PROBLEM
Filter the records below down to lines containing "Start".

Stored dataset items
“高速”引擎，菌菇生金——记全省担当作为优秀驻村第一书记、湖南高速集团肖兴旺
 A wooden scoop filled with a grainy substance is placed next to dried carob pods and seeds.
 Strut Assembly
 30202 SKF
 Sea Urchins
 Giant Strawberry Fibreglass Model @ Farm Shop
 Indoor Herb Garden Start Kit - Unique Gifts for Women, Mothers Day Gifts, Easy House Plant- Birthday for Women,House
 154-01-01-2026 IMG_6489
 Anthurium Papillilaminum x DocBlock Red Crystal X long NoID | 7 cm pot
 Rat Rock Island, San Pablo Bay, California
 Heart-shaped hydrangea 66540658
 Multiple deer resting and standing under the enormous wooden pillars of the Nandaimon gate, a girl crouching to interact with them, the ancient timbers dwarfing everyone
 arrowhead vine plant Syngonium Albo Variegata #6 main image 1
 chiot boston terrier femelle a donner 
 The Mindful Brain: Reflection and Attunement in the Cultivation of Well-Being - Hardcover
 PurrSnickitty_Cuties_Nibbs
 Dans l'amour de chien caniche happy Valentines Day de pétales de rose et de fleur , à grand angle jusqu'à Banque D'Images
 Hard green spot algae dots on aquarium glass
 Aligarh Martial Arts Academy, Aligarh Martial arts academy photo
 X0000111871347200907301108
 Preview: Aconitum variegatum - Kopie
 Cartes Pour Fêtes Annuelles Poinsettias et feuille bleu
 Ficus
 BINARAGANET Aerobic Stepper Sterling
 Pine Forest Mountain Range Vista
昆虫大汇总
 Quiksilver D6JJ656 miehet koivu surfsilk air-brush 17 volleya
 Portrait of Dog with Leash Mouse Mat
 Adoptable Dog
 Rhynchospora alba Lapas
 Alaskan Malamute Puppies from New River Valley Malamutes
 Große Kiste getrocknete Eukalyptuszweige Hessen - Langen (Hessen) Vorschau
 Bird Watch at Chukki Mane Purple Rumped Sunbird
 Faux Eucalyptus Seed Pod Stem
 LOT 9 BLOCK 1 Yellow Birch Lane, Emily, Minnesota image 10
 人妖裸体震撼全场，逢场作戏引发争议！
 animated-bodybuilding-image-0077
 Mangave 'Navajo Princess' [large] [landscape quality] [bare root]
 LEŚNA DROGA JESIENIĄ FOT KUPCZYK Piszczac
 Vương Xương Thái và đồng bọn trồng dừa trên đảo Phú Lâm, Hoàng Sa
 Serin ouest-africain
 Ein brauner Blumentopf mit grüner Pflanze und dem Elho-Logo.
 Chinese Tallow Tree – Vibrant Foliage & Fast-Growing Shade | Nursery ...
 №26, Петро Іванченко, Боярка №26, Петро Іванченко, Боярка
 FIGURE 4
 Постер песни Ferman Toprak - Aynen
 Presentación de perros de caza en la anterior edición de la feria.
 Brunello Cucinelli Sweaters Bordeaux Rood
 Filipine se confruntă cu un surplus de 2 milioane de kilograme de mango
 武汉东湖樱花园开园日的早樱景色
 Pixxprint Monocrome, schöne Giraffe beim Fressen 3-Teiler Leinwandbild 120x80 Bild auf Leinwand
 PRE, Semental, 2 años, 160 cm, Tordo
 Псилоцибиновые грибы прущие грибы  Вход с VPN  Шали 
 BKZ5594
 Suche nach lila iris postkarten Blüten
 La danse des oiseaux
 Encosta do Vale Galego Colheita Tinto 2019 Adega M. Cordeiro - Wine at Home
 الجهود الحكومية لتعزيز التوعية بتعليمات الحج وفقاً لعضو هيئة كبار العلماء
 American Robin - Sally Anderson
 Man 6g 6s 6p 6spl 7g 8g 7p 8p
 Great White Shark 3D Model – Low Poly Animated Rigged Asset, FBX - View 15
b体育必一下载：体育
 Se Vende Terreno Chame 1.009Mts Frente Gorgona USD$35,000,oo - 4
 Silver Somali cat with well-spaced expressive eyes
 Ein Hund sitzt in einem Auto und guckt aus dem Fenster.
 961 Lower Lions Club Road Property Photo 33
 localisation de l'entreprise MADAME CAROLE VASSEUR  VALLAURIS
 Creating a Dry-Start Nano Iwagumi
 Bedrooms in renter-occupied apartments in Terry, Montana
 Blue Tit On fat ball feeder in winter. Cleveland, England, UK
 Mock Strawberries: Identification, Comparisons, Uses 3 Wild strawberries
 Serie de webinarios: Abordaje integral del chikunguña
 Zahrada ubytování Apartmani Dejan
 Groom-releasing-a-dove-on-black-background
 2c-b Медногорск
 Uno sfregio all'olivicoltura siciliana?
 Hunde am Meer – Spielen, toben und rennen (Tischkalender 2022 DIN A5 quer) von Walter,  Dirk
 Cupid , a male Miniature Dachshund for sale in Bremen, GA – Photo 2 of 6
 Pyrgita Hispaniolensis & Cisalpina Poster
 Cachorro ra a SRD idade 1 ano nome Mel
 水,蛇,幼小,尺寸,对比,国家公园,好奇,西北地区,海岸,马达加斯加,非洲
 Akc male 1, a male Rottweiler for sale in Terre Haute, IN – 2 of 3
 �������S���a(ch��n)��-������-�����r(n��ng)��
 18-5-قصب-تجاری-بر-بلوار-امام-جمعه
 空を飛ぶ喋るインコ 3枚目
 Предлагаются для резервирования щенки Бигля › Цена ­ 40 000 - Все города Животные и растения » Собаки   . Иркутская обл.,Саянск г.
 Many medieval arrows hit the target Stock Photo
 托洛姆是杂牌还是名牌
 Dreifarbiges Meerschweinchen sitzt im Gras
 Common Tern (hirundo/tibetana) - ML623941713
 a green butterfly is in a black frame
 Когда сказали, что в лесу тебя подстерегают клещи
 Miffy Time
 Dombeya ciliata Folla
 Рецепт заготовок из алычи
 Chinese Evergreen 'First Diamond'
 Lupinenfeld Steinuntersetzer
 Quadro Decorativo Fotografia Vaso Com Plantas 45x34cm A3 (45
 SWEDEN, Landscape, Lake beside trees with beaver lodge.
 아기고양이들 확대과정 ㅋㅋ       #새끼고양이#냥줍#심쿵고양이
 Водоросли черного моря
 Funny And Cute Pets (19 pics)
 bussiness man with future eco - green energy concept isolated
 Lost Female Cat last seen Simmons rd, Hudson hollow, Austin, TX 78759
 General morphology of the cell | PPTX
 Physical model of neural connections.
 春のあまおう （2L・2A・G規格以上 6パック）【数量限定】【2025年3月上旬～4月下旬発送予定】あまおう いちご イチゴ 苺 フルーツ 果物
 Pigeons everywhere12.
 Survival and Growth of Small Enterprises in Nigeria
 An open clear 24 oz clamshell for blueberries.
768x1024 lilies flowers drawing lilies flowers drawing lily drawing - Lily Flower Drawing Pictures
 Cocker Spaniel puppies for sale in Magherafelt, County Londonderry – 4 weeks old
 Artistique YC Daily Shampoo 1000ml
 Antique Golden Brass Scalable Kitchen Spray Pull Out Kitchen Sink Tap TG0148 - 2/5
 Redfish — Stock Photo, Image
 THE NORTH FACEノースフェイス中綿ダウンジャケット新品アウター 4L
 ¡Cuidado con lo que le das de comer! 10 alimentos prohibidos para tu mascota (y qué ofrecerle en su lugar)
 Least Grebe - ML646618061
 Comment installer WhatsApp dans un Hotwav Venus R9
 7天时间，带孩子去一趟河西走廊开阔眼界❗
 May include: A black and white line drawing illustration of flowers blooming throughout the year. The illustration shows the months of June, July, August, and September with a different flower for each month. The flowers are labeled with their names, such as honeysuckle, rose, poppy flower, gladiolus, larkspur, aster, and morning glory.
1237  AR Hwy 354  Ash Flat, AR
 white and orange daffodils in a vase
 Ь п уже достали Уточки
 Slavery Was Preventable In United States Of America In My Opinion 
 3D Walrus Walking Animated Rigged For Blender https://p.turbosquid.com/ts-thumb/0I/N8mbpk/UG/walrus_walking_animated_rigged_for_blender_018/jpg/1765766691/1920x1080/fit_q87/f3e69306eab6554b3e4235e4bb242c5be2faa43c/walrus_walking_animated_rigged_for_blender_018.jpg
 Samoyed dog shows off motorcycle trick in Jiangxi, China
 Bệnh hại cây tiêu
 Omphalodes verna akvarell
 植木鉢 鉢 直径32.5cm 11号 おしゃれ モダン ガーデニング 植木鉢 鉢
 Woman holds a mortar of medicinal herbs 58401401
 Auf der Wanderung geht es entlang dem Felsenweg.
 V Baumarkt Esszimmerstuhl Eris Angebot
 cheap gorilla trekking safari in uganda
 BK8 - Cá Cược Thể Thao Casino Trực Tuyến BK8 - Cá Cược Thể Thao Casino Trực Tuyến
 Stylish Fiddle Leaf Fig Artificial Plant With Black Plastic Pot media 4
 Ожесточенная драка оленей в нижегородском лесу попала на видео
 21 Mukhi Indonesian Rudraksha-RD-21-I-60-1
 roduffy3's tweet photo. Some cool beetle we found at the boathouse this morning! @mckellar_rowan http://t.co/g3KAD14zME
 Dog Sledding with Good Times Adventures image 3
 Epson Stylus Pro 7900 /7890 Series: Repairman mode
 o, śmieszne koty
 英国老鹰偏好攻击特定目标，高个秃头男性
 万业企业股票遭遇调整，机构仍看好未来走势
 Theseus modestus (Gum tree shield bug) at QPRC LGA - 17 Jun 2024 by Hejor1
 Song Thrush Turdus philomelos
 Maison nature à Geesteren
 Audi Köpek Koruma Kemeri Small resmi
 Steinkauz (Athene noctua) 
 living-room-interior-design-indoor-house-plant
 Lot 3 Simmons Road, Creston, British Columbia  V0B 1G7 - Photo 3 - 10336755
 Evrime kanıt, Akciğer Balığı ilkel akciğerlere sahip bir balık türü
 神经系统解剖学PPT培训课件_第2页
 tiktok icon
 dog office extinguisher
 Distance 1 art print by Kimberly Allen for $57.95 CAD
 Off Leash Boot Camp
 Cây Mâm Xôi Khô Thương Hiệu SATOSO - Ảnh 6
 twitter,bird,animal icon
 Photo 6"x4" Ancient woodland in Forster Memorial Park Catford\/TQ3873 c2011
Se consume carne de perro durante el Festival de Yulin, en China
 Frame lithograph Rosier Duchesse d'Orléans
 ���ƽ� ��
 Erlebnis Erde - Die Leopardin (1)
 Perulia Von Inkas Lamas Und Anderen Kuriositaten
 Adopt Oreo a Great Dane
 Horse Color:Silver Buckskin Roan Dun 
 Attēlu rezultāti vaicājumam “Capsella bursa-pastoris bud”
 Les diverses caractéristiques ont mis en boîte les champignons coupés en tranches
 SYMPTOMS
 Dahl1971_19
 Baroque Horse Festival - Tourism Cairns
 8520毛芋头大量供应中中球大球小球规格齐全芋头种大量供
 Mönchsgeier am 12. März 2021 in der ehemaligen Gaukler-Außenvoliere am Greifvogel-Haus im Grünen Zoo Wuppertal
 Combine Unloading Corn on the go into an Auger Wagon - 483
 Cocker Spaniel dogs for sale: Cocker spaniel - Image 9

RESULT FOR THIS TASK
 Indoor Herb Garden Start Kit - Unique Gifts for Women, Mothers Day Gifts, Easy House Plant- Birthday for Women,House
 Creating a Dry-Start Nano Iwagumi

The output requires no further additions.